Objectives
The goal of the EcoBlock research project is to explore strategies for resilience and the rapid, equitable, and affordable reduction of greenhouse gas emissions through urban block-scale retrofitting. This involves identifying and managing social, legal, financial, and technological challenges. We will develop a prototype EcoBlock in order to demonstrate the technical feasibility of renovating a residential block with resource efficiency and electrification. A community solar microgrid has been engineered and, if funding is available, will be constructed.
The project will:
- Conduct home performance, energy, and water efficiency retrofits in existing homes and small businesses
- Leverage economies of scale of block-level retrofits
- Switch appliances and equipment to electric
- If funding is available, couple energy efficiency with a renewable energy microgrid
The EcoBlock project will demonstrate several strategies to provide resilience through:
- Energy retrofits (e.g., insulation, air sealing, efficient electric appliances)
- Water efficiency upgrades (e.g., efficient fixtures & appliances, reuse water/greywater)
- Shared electrical assets (e.g., photovoltaic array & battery storage)
- Mobility improvements (e.g., shared electric vehicle with curbside charging)
The EcoBlock team is partnering with the City of Oakland to address permitting and regulatory considerations.
Project Conception and Goal
Buildings consume about half the energy used in the US. Getting all buildings to net zero emissions is a critical task for climate change mitigation, but new building construction creates significant new emissions—typically two to four times more than renovations—and house-by-house retrofits are too slow.
The EcoBlock concept recognizes the block as a common unit of organization in urban and suburban America – in fact, most cities in the world. Blocks come in different sizes and shapes, but the basic block structure appears in all places with moderate to high population density. The EcoBlock aims to harness that structure to make clean technology more affordable.
The Oakland EcoBlock project aims to demonstrate technical, social, legal, and financial methods for radically reducing the environmental footprint of buildings through cost-effective retrofits at the block scale.
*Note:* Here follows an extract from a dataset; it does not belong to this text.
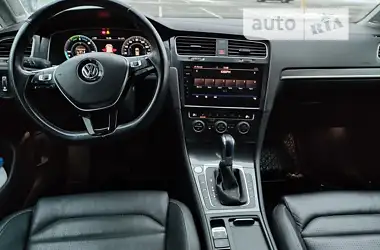 Volkswagen e-Golf 2018 - пробіг 97 тис. км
The project is led by UC Berkeley and primarily funded by the California Energy Commission to support California legal mandates:
- AB 32 (2006): California Global Warming Solutions Act
- SB 375 (2008): Sustainable Communities and Climate Protection Act
- SB 100 (2018): The 100 Percent Clean Energy Act – 50% renewable energy by 2026, 100% renewable energy by 2045
- SB 606 (2018): Water efficiency measures
- AB 1668 (2018): Drought preparedness
- SB 1339 (2018): Boost/streamlining microgrids
- SB 99 (TBD): Community Energy Resilience Act (introduced December 2020)
Conceptual Drawings
EcoBlock is one of four grant recipients of the California Energy Commission’s Electric Program Investment Charge (EPIC) program, which invests in scientific and technological research to accelerate the transformation of the electricity sector to meet the state’s energy and climate goals.